Who: Ciska van Schagen (49)

What: Minicards Barcelona 🇪🇸

Part of the Minicards network since: 2003

Exploits also: Minicards desk maps in two versions: English and Chinese

1. What’s your biggest milestone or achievement?
“I started Minicards Barcelona in 2003.A great concept: simple, easy to use and visible. My plan was to run this business for five years. I expected Minicards to be overtaken by digital media by then. But despite the online competition Minicards remains a strong product. The cards are still a popular source of information for tourists. I expect it stays like this in the near future, especially for those who don’t want to have a mobile in their hands on vacation all the time. Now, sixteen years later I’m still running Minicards. That’s quite a milestone and I’m proud of it.”

2. Can you tell us about your biggest challenge right now?
We are visible in hotels and other locations, but online there are still many opportunities. The biggest challenge for me is: how are we going to create more online visibility and profile ourselves on social media? In this way we can attract new customers and offer the existing ones even more service.”

3. What’s big on your to do-list for this year?
“Approaching customers by phone or email is not always effective; people do not read their mail or are difficult to reach. Via social media, such as LinkedIn, I see new opportunities. That’s why I want to focus on social selling. It would be great to make contact with potential customers through social media, so we can build up valuable relationships and start a sales process.”

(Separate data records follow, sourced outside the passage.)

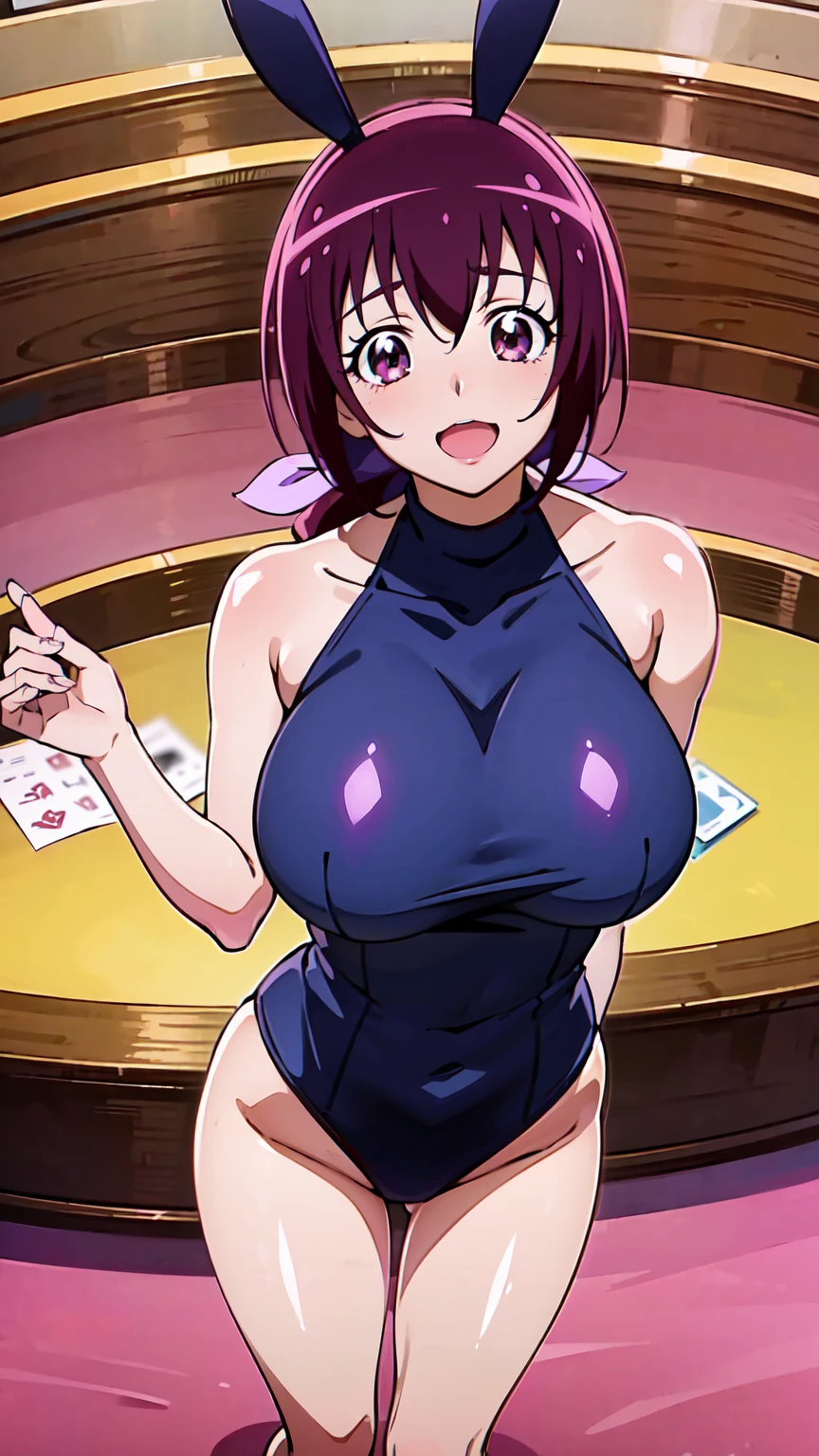  score_9,  score_8_up,  score_7_up, sauce_Anime,  (Anime coloring, Anime screencap:1.2),  flat color , Goddess Magazine,  shiny skin ,  Pretty Cure,Starry Sky Education, mature female, large breasts, purple hair, purple eyes, hair bow, ,(Huge breasts), reverse playboy bunny, black pantyhorse, heart pasties, pink pasties, casino, indoors, looking at viewer, seductive smile, blush, open mouth, from above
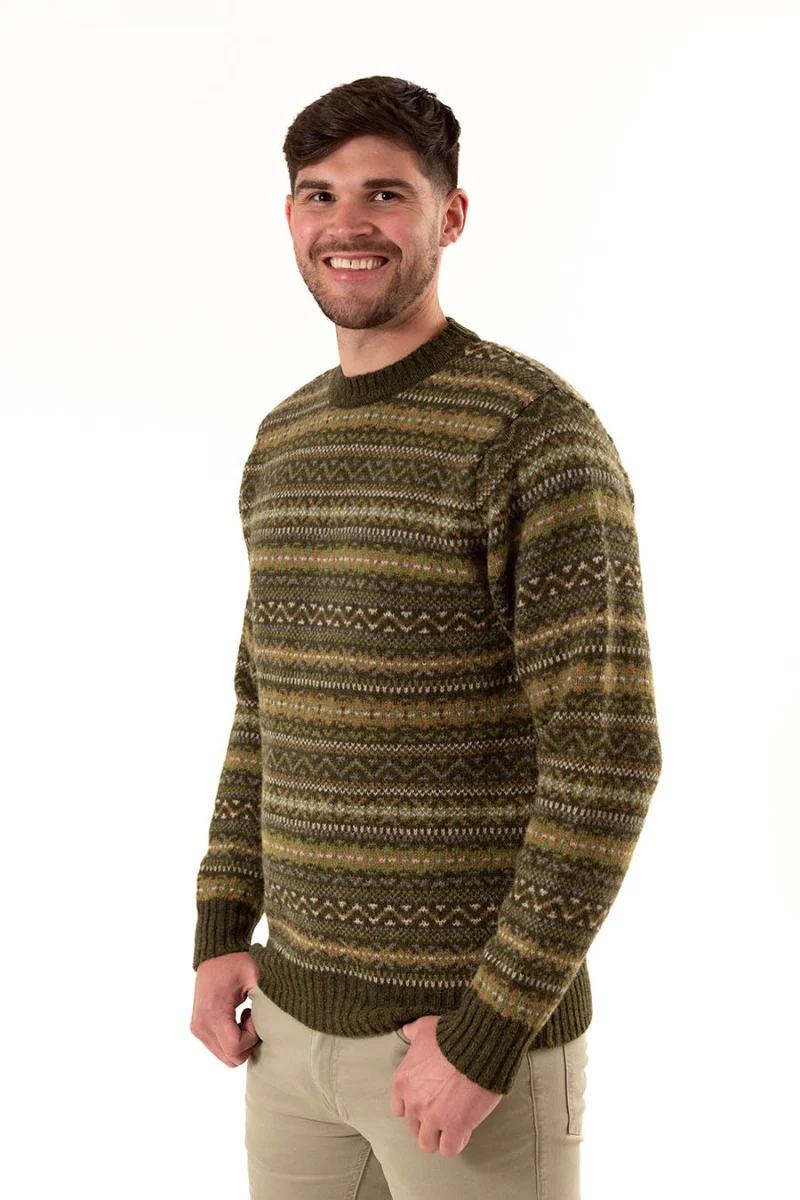 Mens Fair isle Kinnaird Jumper - Green - Image 3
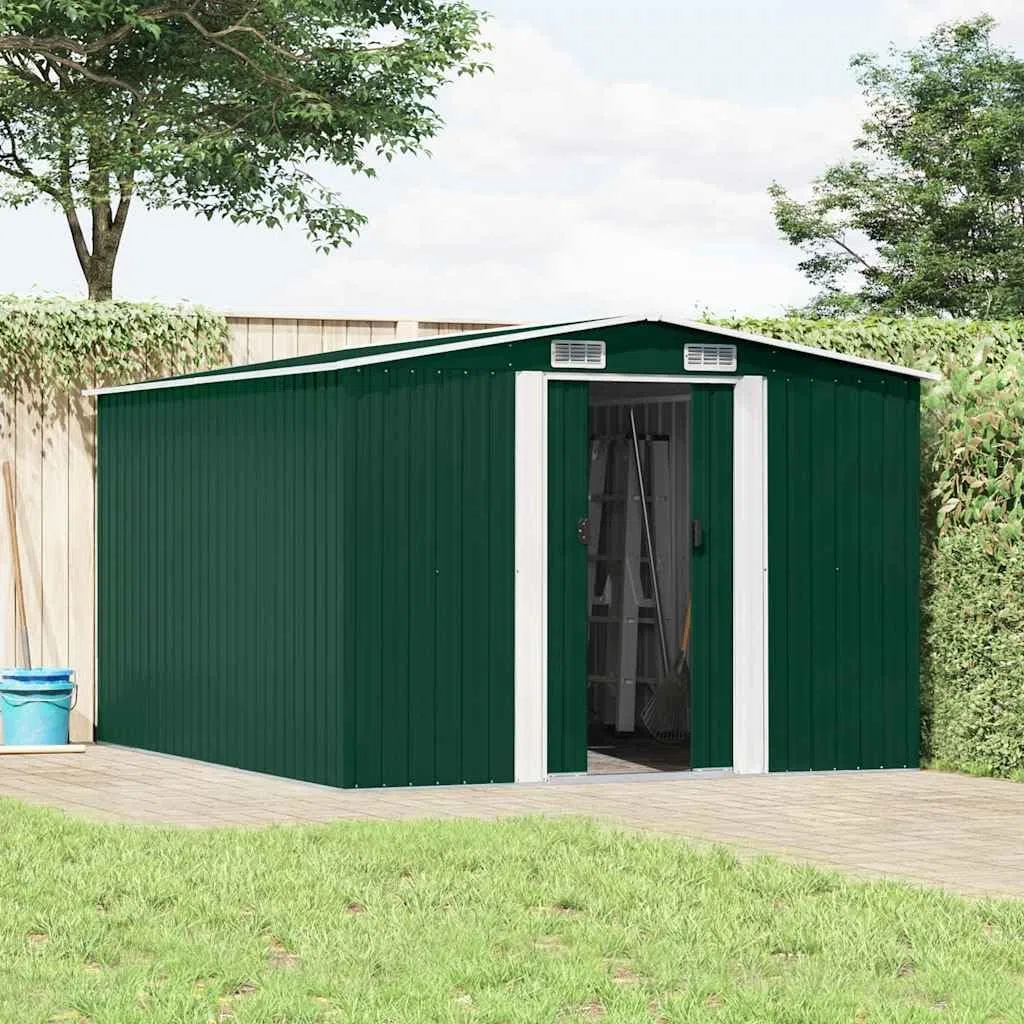Gerätehaus Metall grün 257x298x178 cm verzinkter Stahl Gartenschuppen mit Lüftungsgittern, Schiebetüren, geräumig für Werkzeugaufbewahrung und Gartenlagerung im Außenbereich Terrasse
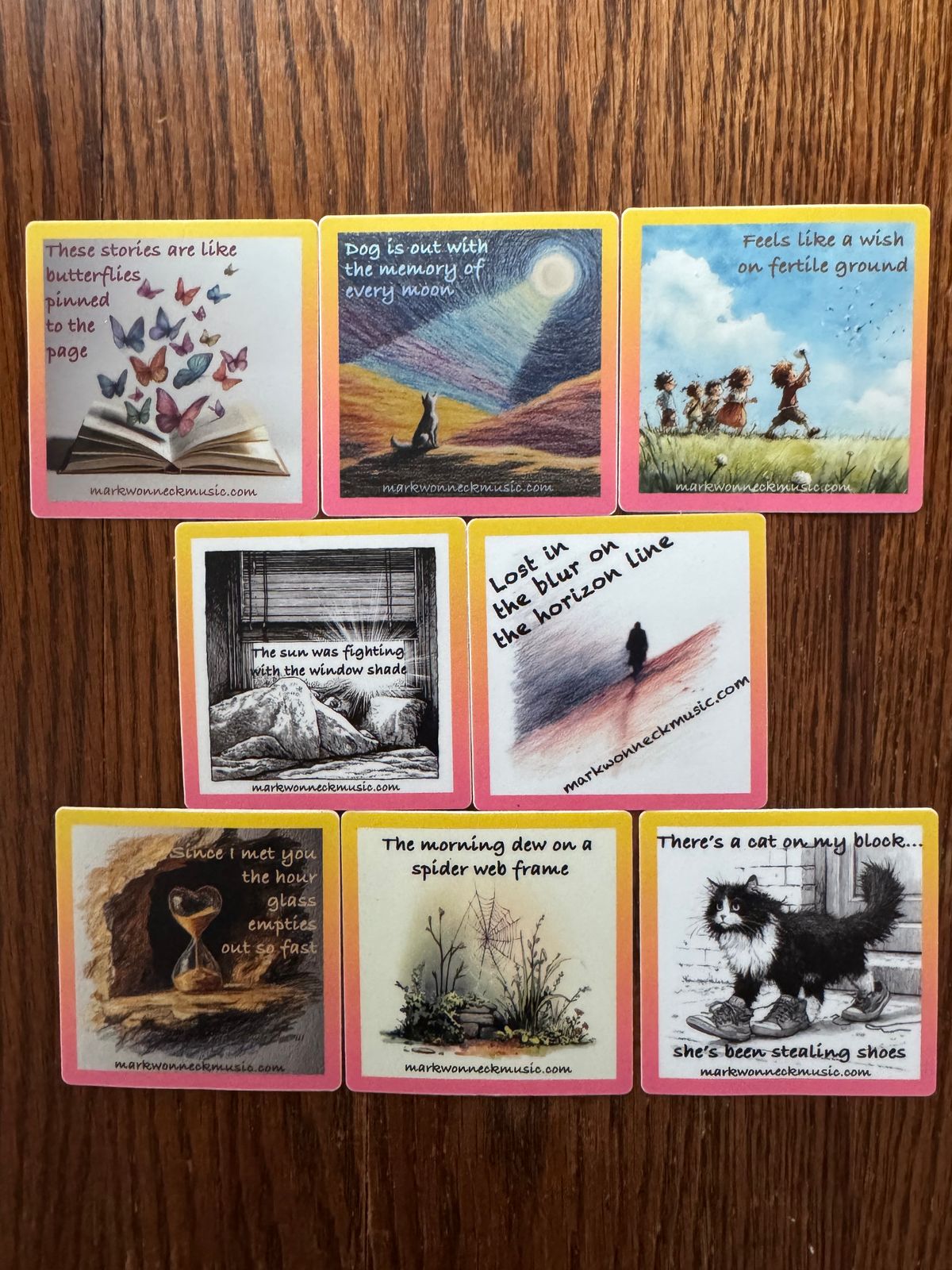 SET OF ALL EIGHT STICKERS!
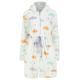 Dressing Gown Women's Cloud Mix Motif Soft Fleece Zip Up Dressing Gown in Optic White / S - Tokyo Laundry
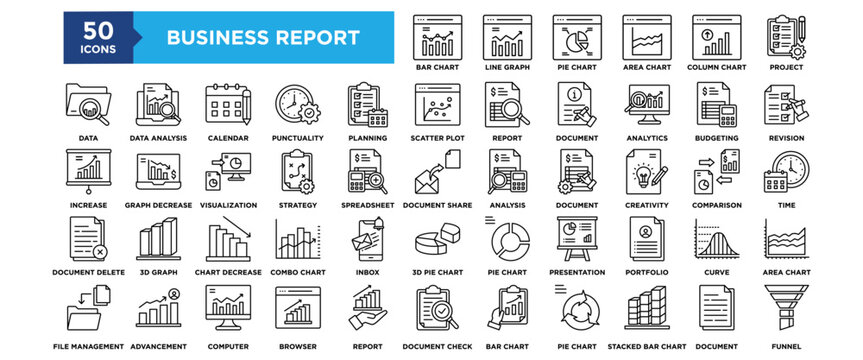50 Business Report icon set. Containing design business, report, marketing, analysis, corporate, office, growth, strategy	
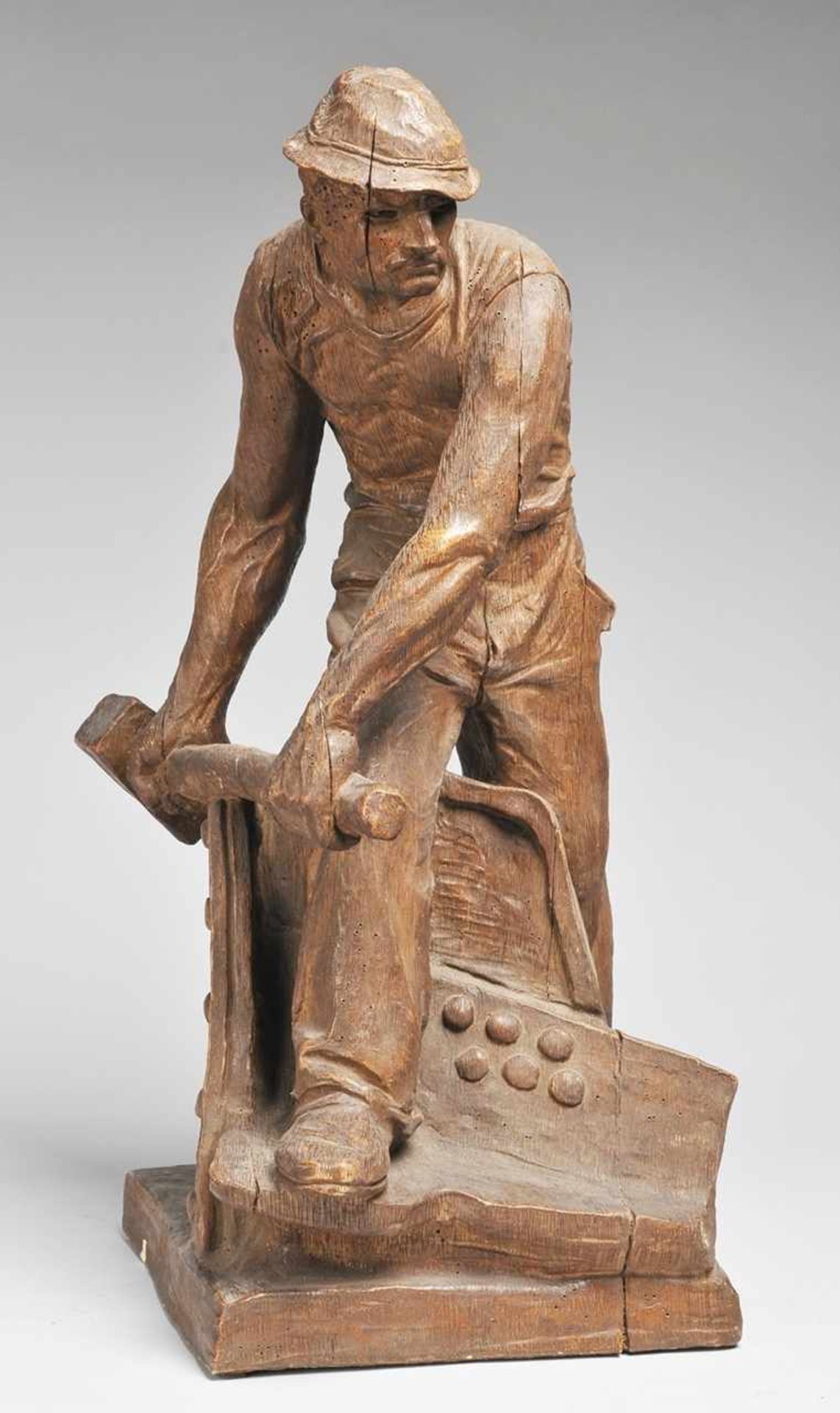 Haller (Deutscher? Bildhauer, 1. H. 20. Jh.) Gipsguss, Metallegierung. Auf quadratischer Plinthe - Bild 2 aus 5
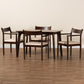 Coretta Dining Set Mid-Century Modern Cream Fabric and Dark Brown Finished Wood 5-Piece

4. What’s the most remarkable thing that ever happened at your business?
“Once, a Russian company wanted to advertise on Minicards. The contact person suggested to meet in the lobby of a hotel. I saw a man sitting at the bar with a suitcase beside him. I started to talk about Minicards, but he looked at me and said: «Don’t say anything. We’re just going to do business and here’s the money.» He pushed the suitcase towards me. It felt like I was in a mafia movie and didn’t accept the money. Confused I left. This was a Russian way of doing business, but I had no idea. In the end we worked together, by the way. Finally, I accepted the money, but not after he signed a contract of course.”

5. What’s the most valuable lesson you’ve learned since starting your business?
“Always invest in personal contact with your customers. Start a conversation, and don’t be afraid to ask about personal stuff too. Building on a good relationship, so that customers know you and trust you, is worth its weight in gold.”